* **Aim of the exercise**:
The copy must run from the line containing "MINT CONDITION Phenomenal" through the final line of the records, both included, exactly as written. It should contain no pictures.

(Data excerpts)
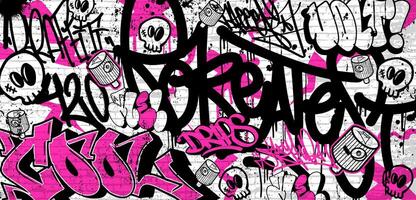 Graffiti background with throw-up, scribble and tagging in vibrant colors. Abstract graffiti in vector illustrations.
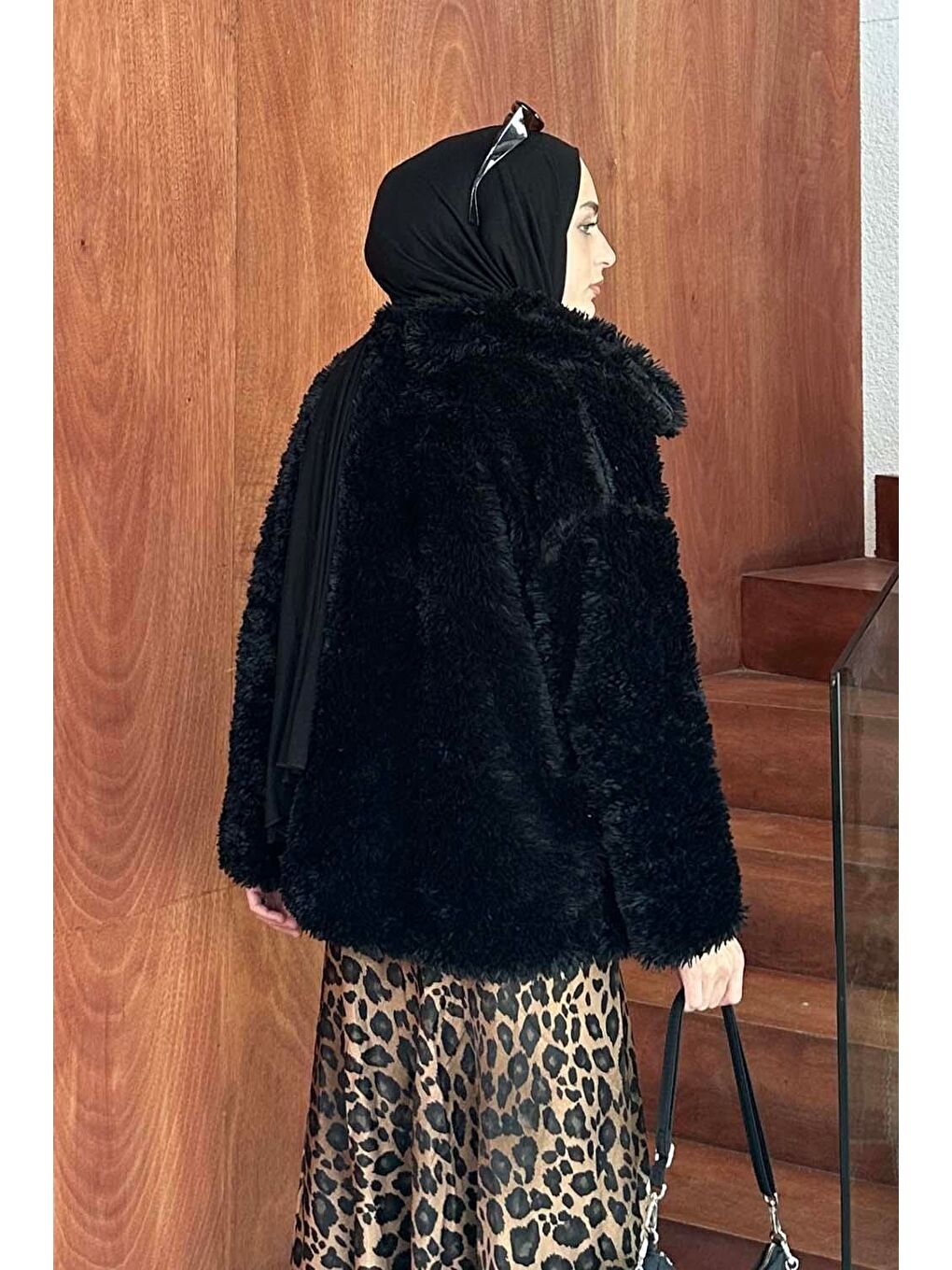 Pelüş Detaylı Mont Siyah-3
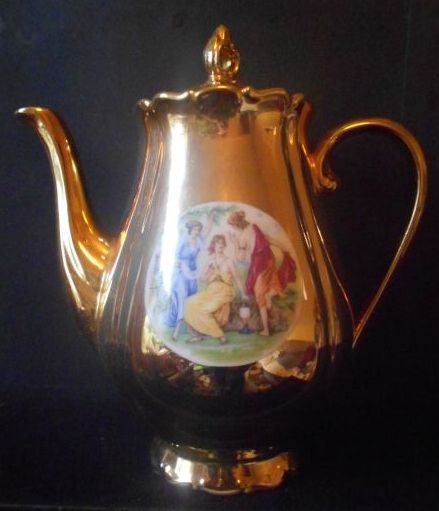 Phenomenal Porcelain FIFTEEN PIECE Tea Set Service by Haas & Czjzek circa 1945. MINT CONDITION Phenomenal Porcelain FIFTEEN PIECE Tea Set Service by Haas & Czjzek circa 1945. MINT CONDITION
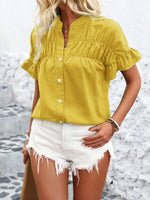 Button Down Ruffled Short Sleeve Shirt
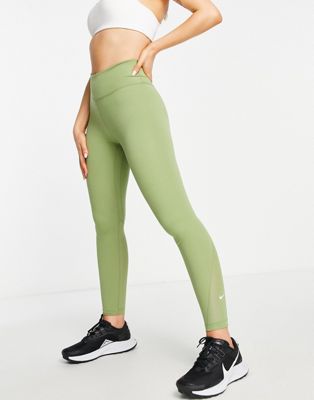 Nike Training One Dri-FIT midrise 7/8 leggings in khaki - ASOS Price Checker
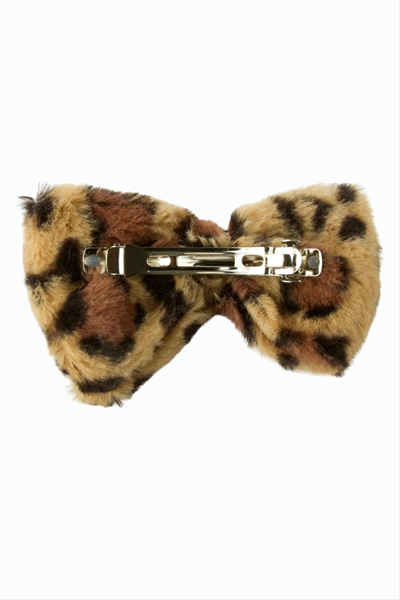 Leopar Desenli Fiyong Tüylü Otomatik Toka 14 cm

* **Worked solution**:
 Phenomenal Porcelain FIFTEEN PIECE Tea Set Service by Haas & Czjzek circa 1945. MINT CONDITION Phenomenal Porcelain FIFTEEN PIECE Tea Set Service by Haas & Czjzek circa 1945. MINT CONDITION
 Button Down Ruffled Short Sleeve Shirt
 Nike Training One Dri-FIT midrise 7/8 leggings in khaki - ASOS Price Checker
 Leopar Desenli Fiyong Tüylü Otomatik Toka 14 cm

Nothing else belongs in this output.